■ DATASET RECORDS:
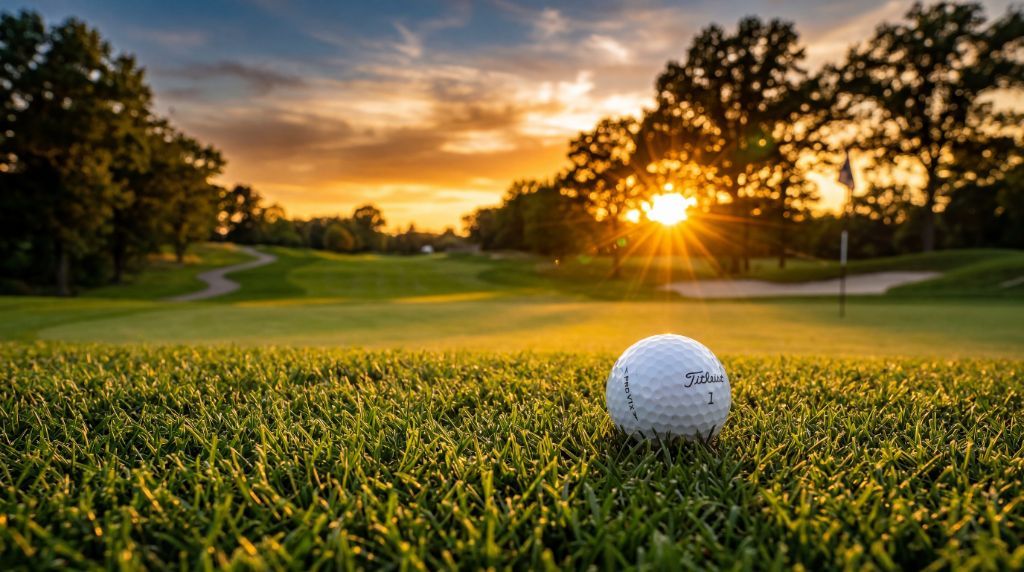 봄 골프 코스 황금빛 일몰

...

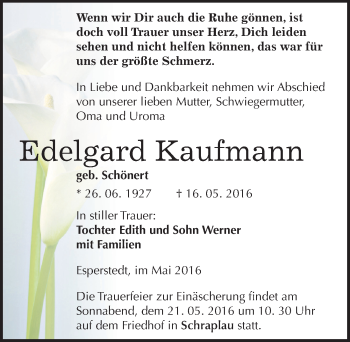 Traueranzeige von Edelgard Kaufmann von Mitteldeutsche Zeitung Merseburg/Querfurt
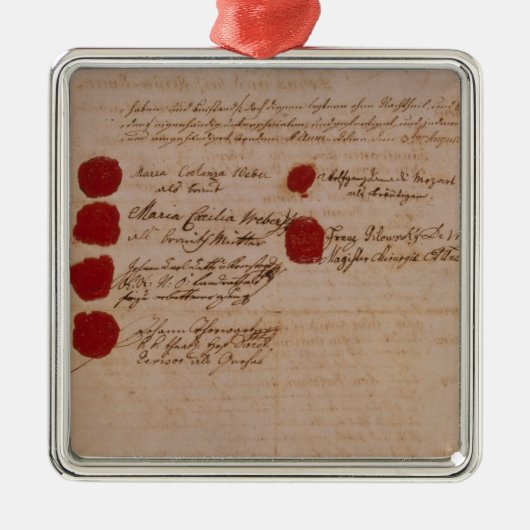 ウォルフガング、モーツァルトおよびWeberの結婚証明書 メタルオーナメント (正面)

* * *

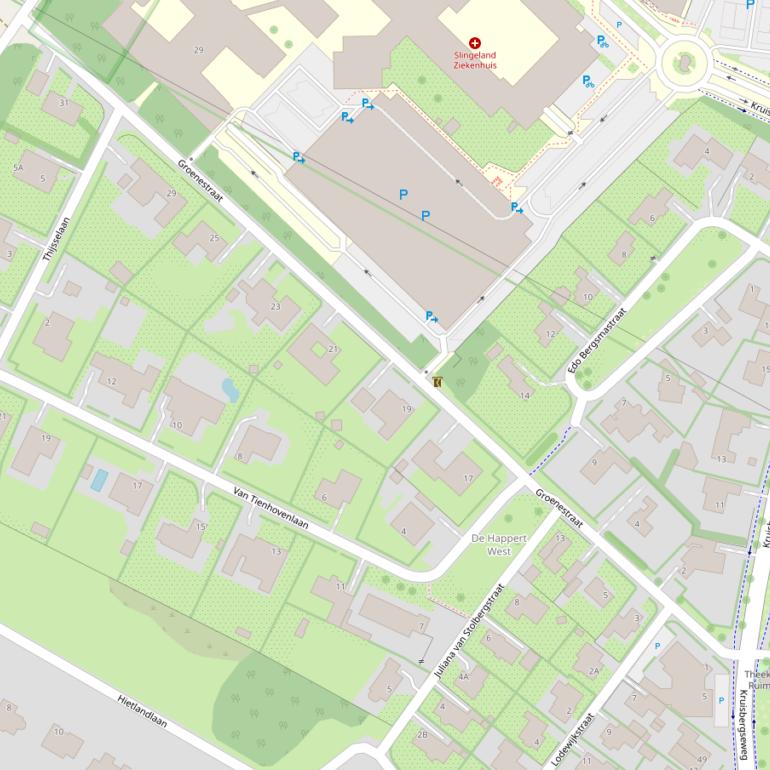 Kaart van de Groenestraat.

■ EXERCISE OBJECTIVE: Using the data above, which lines fall from the one with "Traueranzeige von Edelgard" through the one with "ウォルフガング、モーツァルトおよびWeberの結婚証明書 メタルオーナメント (正面)"? Repeat them exactly, ends included, minus any pictures.

■ TASK RESULT:
 Traueranzeige von Edelgard Kaufmann von Mitteldeutsche Zeitung Merseburg/Querfurt
 ウォルフガング、モーツァルトおよびWeberの結婚証明書 メタルオーナメント (正面)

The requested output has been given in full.